A Multiple Ejecta-Circumstellar Meduim Interaction Model and Its Implications for the Superluminous Supernova iPTF15esb

TL;DR

This paper introduces a multiple ejecta-CSM interaction model to explain the complex light curve and spectral features of the superluminous supernova iPTF15esb, revealing insights into its progenitor's mass-loss history.

Contribution

The study develops a novel multi-shell ejecta-CSM interaction model that successfully reproduces the observed light curve and spectral features of iPTF15esb, providing new understanding of pre-supernova mass loss.

Findings

The model accurately fits the observed light curve of iPTF15esb.

Progenitor experienced at least three violent mass-loss events.

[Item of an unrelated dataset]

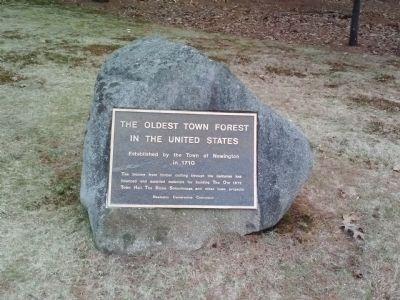 The Oldest Town Forest in the United States Marker. Click for full size. The Oldest Town Forest in the United States Marker image. Click for full size.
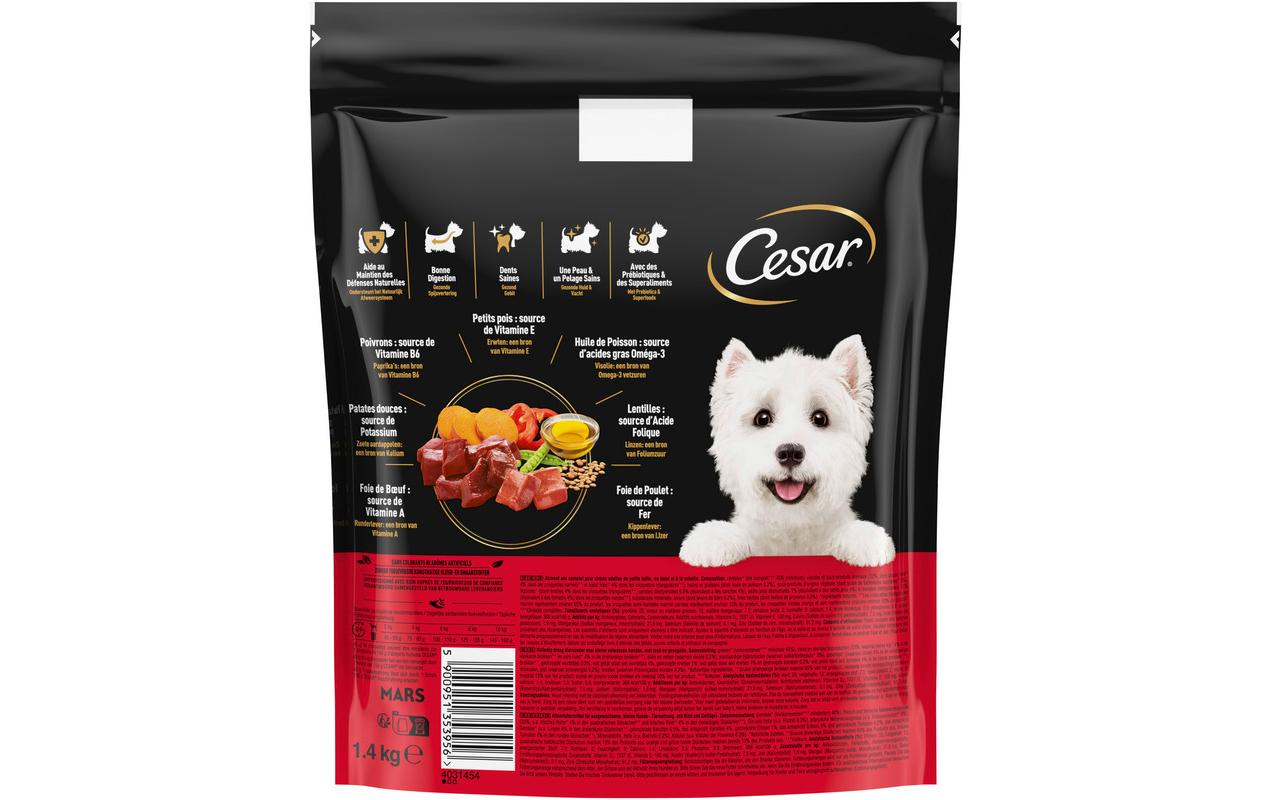 Cesar Trockenfutter Hunters Platter Rind, 1.4 kg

CSM shell densities increase as their masses decrease closer to explosion.

Abstract

Recently, a hydrogen-poor superluminous supernova (SLSN) iPTF15esb at redshift $z=0.224$ was reported, whose light curve (LC) and spectrum show several unusual characteristics. Its late-time spectrum shows a strong, broad H$\alpha $ emission line and the bolometric LC exhibits two peaks and a post-peak plateau. Here we propose an ejecta-circumstellar medium (CSM) interaction model involving multiple shells and winds to explain this double-peak SN. We find that the theoretical LC reproduced by this model can well match the observations of iPTF15esb. Based on this result, we infer that the progenitor has undergone at least three violent mass-loss processes before the SN explosion. Furthermore, we find that the masses of the CSM wind and shells from the outermost shell (the first eruption) to the innermost wind (the final eruption) decrease sequentially but their densities increase. The variation trend of the inferred densities of the shells and wind is consistent with the stellar structure before an SN explosion. Further investigations for similar SLSNe would provide a probe for the mass-loss history of their progenitors.